Shaina Taub’s favorite kind of day is a busy one. She’s up early, jumping on a New York City subway car to get to rehearsal by 8 a.m. She spends the day creating and collaborating, rehearsing choreography with fellow actors and periodically running back to her sheet music to do rewrites for the play she’s both performing in and writing.

After a long day of rehearsal, she runs off to partake in another performance, where she finds time for a quick sound check before spending the night playing piano or singing in a concert. After the performance, she’s out with friends, celebrating the success of the show until the wee hours of the morning, when she takes another subway back to her apartment and collapses in bed, exhausted. “I love those jam-packed days,” said Taub. 

Taub, a New York City-based playwright, performer and songwriter -- whose songs have appeared everywhere from Broadway to Netflix -- grew up in the Waitsfield. She still remembers the first day of music class in first grade in that little brick elementary school on Main Street, where she learned the song, “The Circle of Life,” by Elton John, for the first time.

 

Now, Taub collaborates with Elton John regularly, as the two are currently writing the soundtrack for “The Devil Wears Prada,” an upcoming Broadway musical.
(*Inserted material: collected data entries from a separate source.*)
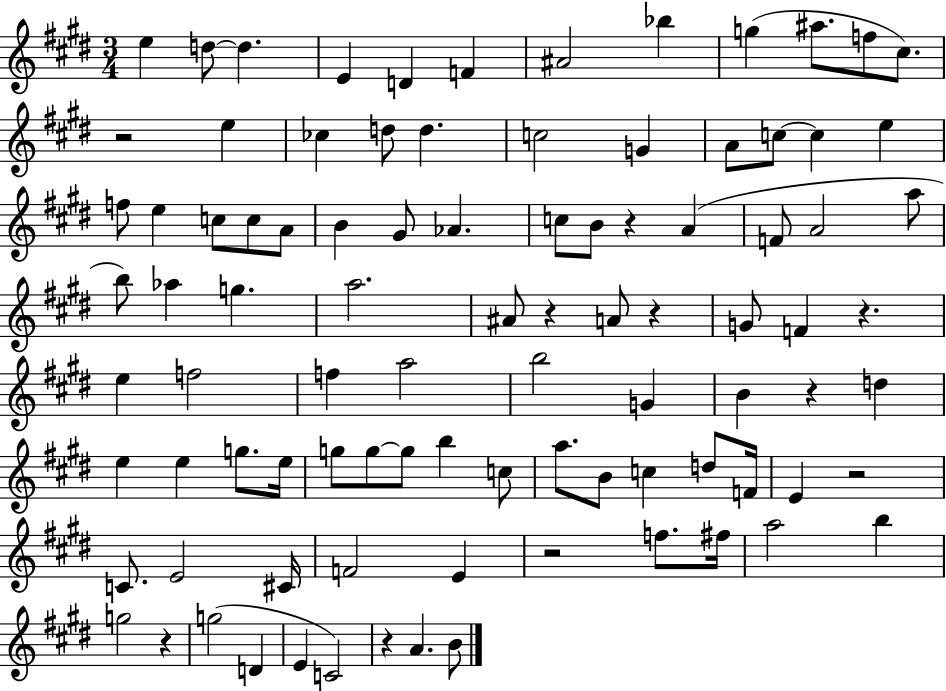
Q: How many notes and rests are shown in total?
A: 93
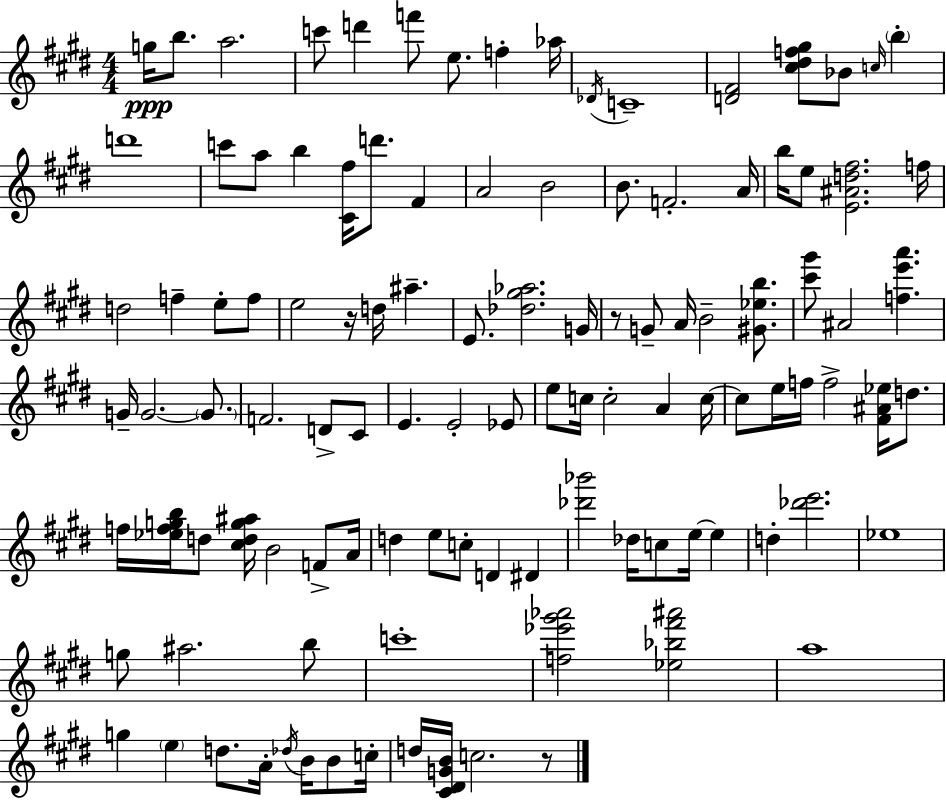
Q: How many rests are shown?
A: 3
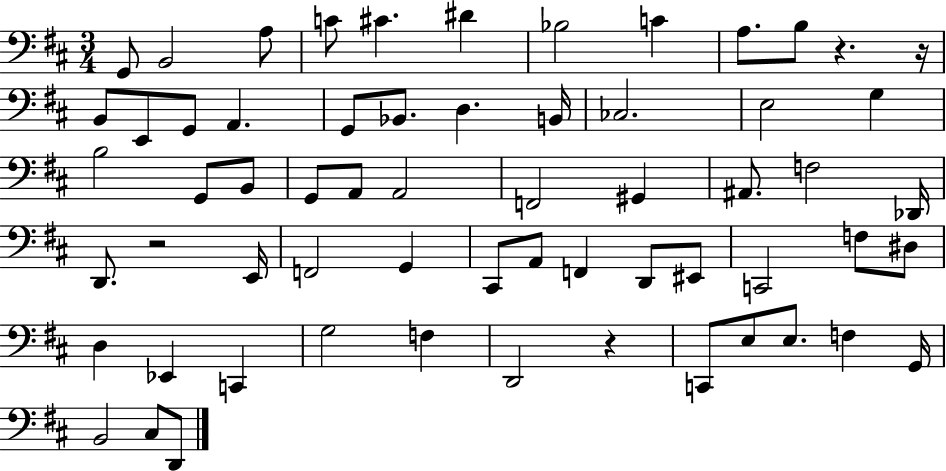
X:1
T:Untitled
M:3/4
L:1/4
K:D
G,,/2 B,,2 A,/2 C/2 ^C ^D _B,2 C A,/2 B,/2 z z/4 B,,/2 E,,/2 G,,/2 A,, G,,/2 _B,,/2 D, B,,/4 _C,2 E,2 G, B,2 G,,/2 B,,/2 G,,/2 A,,/2 A,,2 F,,2 ^G,, ^A,,/2 F,2 _D,,/4 D,,/2 z2 E,,/4 F,,2 G,, ^C,,/2 A,,/2 F,, D,,/2 ^E,,/2 C,,2 F,/2 ^D,/2 D, _E,, C,, G,2 F, D,,2 z C,,/2 E,/2 E,/2 F, G,,/4 B,,2 ^C,/2 D,,/2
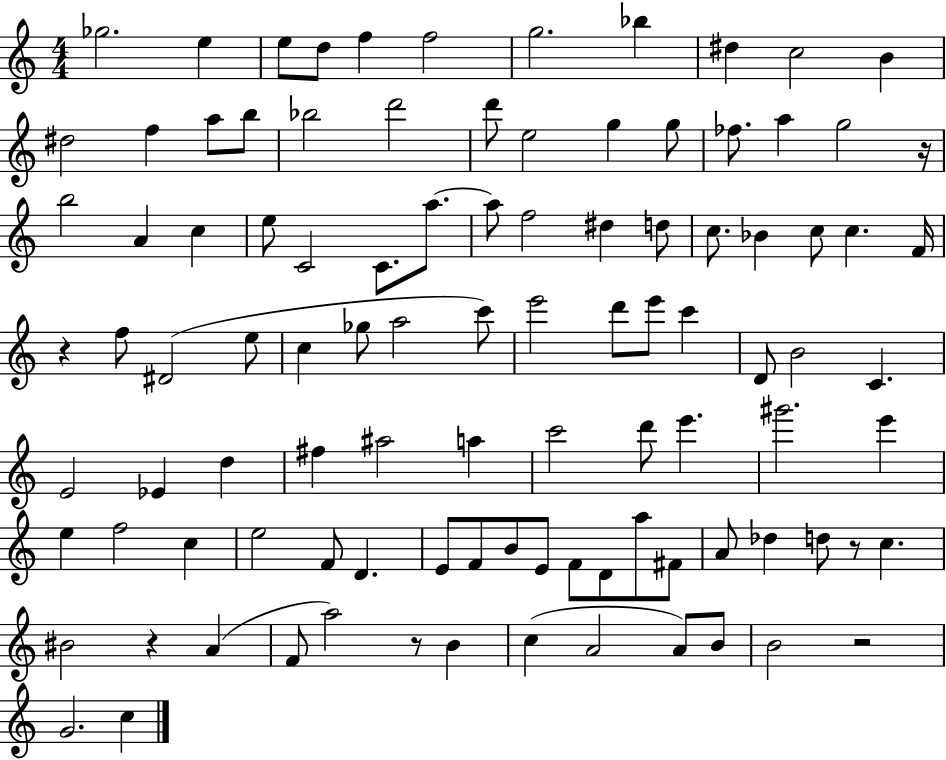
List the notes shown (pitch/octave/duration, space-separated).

Gb5/h. E5/q E5/e D5/e F5/q F5/h G5/h. Bb5/q D#5/q C5/h B4/q D#5/h F5/q A5/e B5/e Bb5/h D6/h D6/e E5/h G5/q G5/e FES5/e. A5/q G5/h R/s B5/h A4/q C5/q E5/e C4/h C4/e. A5/e. A5/e F5/h D#5/q D5/e C5/e. Bb4/q C5/e C5/q. F4/s R/q F5/e D#4/h E5/e C5/q Gb5/e A5/h C6/e E6/h D6/e E6/e C6/q D4/e B4/h C4/q. E4/h Eb4/q D5/q F#5/q A#5/h A5/q C6/h D6/e E6/q. G#6/h. E6/q E5/q F5/h C5/q E5/h F4/e D4/q. E4/e F4/e B4/e E4/e F4/e D4/e A5/e F#4/e A4/e Db5/q D5/e R/e C5/q. BIS4/h R/q A4/q F4/e A5/h R/e B4/q C5/q A4/h A4/e B4/e B4/h R/h G4/h. C5/q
Once the pandemic subsides and live theater is revived, Taub will add this collaboration to her long laundry list of accomplishments.

Here are a few others: She is a signed artist with Atlantic Records. She has released two independent albums: “Die Happy” and “Visitors.” She’s won the prestigious Kleban Prize, Jonathan Larson Grant, Fred Ebb Award, Billie Burke Ziegfeld Award and MAC John Wallowitch Award, all for her songwriting. She was nominated for an Emmy along with her collaborators, Sara Bareilles and Josh Groban, for a song that appeared as the opening number for the 2018 Tony Awards. On Broadway, her songs have been performed by revered Broadway actresses Sutton Foster, Audra McDonald and Phillipa Soo. She’s written songs for Sesame Street. She even wrote the theme song for Julie Andrews' Netflix series “Julie's Greenroom.”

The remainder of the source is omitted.